The simplest audit is a correspondence audit. You are asked to clarify one or two issues. Responding with a letter that includes proof backing your position will end the inquiry. Office audits require meeting with an IRS auditor.
Most office audits specify areas of concern. Speak frankly to your accountant or CPA. Together, evaluate the magnitude of the audit. If it is over a few areas, and your books are in order, you might want to handle the matter yourself. If you prefer, your accountant can represent you. Of course, the accountant will want to be paid. Many preparers start their billing at $200 an hour, and that includes preparation time and representation. Any lawyer, accountant or enrolled agent can represent you, providing he/she did the taxes of that year’s return.
“I prefer to do all the talking,” says H&R Block’s Stuart Campbell, a longtime audit representative, “although I involve the client a bit to establish credibility.”
An audit is always conducted at the convenience of the person being audited. You decide whether you want to meet at the auditor’s office, at home, or at your place of business. It mostly depends on how methodical you are.
Organize your records. Make sure you can back up every figure on your tax return. That means making copies, updating logs, and putting everything in sequential order. If there is no backup, prepare a written explanation of the deduction. If the books aren’t in order, get them in order. This task involves a lot of work, but it will make you knowledgeable about your situation.
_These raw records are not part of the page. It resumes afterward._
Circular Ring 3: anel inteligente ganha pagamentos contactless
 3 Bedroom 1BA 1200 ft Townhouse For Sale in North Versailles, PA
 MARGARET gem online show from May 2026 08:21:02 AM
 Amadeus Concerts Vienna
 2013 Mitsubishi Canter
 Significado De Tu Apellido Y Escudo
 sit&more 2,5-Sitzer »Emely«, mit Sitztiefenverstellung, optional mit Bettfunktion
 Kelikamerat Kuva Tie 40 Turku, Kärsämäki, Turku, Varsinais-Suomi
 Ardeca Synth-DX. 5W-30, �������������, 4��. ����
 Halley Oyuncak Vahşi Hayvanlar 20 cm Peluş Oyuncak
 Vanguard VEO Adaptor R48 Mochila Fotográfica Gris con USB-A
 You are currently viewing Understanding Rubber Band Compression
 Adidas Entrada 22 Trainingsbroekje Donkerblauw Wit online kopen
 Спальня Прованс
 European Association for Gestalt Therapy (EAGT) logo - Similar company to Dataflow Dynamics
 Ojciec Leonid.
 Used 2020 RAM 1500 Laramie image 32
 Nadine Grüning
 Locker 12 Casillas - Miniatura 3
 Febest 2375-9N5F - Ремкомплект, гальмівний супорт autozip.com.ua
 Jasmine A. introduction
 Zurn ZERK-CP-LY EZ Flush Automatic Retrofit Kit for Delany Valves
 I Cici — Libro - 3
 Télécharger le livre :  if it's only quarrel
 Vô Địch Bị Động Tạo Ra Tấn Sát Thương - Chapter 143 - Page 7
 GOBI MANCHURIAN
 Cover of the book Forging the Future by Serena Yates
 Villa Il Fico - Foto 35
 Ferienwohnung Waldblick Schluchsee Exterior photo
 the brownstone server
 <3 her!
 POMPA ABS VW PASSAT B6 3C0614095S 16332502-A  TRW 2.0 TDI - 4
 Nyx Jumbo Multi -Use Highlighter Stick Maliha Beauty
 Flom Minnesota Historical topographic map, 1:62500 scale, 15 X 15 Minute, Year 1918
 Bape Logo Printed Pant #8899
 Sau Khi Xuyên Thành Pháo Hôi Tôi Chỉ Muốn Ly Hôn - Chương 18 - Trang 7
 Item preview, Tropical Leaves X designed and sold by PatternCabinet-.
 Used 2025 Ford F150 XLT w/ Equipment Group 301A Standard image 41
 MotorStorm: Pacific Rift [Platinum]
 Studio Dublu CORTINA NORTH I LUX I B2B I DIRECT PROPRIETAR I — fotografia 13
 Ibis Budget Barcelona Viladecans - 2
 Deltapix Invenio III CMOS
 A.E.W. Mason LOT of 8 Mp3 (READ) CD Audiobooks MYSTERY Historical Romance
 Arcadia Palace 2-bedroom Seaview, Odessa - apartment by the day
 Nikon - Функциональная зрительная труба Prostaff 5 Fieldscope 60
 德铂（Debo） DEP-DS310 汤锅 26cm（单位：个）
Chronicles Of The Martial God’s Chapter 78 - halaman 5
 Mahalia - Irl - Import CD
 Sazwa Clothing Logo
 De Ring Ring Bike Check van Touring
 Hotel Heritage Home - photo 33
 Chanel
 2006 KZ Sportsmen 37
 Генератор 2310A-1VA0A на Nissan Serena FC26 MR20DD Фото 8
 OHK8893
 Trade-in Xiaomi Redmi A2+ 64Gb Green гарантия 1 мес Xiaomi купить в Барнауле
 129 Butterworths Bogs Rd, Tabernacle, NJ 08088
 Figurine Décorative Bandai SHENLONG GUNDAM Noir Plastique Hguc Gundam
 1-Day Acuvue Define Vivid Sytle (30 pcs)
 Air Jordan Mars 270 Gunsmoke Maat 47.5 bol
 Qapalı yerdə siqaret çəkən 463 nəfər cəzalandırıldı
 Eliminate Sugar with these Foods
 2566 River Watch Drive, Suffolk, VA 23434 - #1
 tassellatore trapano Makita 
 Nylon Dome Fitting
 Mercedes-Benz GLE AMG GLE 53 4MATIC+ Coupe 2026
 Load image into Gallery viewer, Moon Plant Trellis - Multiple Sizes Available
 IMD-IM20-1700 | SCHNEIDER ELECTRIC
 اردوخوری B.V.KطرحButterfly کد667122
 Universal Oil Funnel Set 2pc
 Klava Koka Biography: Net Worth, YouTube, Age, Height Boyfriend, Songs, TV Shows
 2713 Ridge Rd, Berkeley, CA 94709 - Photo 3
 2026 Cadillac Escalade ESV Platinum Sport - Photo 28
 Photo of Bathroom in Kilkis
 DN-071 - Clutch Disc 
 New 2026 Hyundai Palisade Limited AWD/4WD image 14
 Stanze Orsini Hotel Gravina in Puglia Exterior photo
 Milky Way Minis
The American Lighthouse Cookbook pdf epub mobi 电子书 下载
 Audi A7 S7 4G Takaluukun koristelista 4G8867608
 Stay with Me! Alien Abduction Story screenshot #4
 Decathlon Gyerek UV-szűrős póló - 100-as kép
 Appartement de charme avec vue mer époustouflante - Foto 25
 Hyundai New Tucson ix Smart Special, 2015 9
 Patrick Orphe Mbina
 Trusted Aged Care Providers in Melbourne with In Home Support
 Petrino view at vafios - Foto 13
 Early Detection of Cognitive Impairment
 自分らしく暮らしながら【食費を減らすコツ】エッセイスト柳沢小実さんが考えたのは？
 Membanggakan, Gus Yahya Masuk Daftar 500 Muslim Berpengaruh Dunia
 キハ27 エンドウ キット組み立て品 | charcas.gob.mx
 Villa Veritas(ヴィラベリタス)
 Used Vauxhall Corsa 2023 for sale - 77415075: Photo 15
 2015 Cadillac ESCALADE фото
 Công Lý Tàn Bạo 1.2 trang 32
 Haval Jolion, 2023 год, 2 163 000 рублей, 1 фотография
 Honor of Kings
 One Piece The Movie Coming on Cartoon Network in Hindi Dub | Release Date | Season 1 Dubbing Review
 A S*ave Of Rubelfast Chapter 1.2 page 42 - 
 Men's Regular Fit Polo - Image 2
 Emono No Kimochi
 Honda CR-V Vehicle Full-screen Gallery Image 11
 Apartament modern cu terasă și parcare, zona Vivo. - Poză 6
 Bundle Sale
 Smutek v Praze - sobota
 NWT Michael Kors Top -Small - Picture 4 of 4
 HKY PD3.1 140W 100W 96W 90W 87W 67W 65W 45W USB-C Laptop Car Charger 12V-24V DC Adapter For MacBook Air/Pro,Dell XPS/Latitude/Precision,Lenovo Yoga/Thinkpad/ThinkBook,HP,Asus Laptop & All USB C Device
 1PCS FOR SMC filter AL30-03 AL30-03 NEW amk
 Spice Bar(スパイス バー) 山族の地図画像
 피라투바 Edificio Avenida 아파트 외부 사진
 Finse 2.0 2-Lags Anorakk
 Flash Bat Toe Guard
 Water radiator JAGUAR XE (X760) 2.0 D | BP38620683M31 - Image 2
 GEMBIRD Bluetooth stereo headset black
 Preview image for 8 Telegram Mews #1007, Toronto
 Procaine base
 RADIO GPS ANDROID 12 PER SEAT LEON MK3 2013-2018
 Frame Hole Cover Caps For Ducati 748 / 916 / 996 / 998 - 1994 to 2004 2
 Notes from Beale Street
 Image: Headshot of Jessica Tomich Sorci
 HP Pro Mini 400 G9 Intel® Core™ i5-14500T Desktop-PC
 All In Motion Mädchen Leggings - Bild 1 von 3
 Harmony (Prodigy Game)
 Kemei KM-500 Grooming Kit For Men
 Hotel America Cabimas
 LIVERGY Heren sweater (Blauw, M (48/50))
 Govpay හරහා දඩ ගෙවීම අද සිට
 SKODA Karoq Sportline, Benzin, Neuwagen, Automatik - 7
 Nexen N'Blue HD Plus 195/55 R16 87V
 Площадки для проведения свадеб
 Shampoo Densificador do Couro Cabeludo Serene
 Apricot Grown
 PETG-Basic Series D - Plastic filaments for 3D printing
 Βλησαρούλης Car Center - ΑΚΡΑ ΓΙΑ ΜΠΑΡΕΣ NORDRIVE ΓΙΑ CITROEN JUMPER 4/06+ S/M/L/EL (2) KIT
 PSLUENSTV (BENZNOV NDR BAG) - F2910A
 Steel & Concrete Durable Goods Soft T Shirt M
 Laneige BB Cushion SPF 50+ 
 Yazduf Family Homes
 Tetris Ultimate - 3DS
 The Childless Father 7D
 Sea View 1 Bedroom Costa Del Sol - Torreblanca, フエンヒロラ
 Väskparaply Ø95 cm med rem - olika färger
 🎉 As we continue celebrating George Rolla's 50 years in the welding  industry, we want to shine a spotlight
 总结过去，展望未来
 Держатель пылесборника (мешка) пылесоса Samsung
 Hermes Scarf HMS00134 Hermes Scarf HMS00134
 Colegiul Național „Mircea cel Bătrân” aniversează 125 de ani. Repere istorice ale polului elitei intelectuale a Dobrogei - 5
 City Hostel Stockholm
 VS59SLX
Do not go into the meeting acting like an angry bull. Remember, you’re dealing with a human being. But at the same time, do not be a fawning sycophant begging for mercy. Be professional and business-like.
Let the facts and figures do the talking. You’ll go over item by item. The auditor might say that an expense is disallowed. Do not argue. Go on with the proceedings.
Let’s consider a few examples. If you have no backup, come up with an explanation of why there is no documentation. For example, you had work done on your front counter, but do not have the receipt because the contractor disappeared after being paid. Suggest that you could try and track the contractor down. The auditor might go along since it is a reasonable expenditure.
If your cost of supplies is way above the regional average, say 15% of revenue vs. the average of 11%, come up with a plausible explanation. Your prices are extraordinary low, which brings up the percentage. You lost a lot of supplies in a basement flood, and you had to replace everything. You believe in high quality, and that pushes up your cost percentage. Formulate an argument that sounds plausible and is hard to reject.
If you purchased an at-home computer for $1,400 that you say is for business use only but the auditor argues that computer use can’t be limited to business only and will only give you a $700 Section 179 deduction (50% of cost), don’t argue. Let the $700 go. He’s being a stickler. Don’t fight the small potatoes.
Don’t try to outsmart the auditor. Come clean with all major discrepancies up front, especially revenue figures. Most likely, the auditor has the proof in the form of bank statements. Also, don’t ignore IRS letters. One operator who let the letters go resulted in the IRS assessing him $135,000 based on what they figured for his obligation. Divorce, bankruptcy and home foreclosure followed.
At the end of the session, the auditor will add up the adjustments and disallowances and come up with an assessment. Any penalties and interest, which could be hefty if being audited from two or three years back, will be tacked on. It is possible to counteroffer, which is called an offer in compromise. The auditor will be more inclined to go along if you are close to insolvent. But you never know when he or she will be willing to bend. It also helps your position if you can pay off the liability right away. If you can’t, you can arrange a payment schedule over time.
You may challenge the assessment, dealing with an appeals officer, and then you may go to tax court. If there are legal points at stake, you might hire a tax attorney, who might find precedents that could sway the judge. On the other hand, it might be less stressful to swallow hard, pay the bill, and make sure you keep detailed books in the future.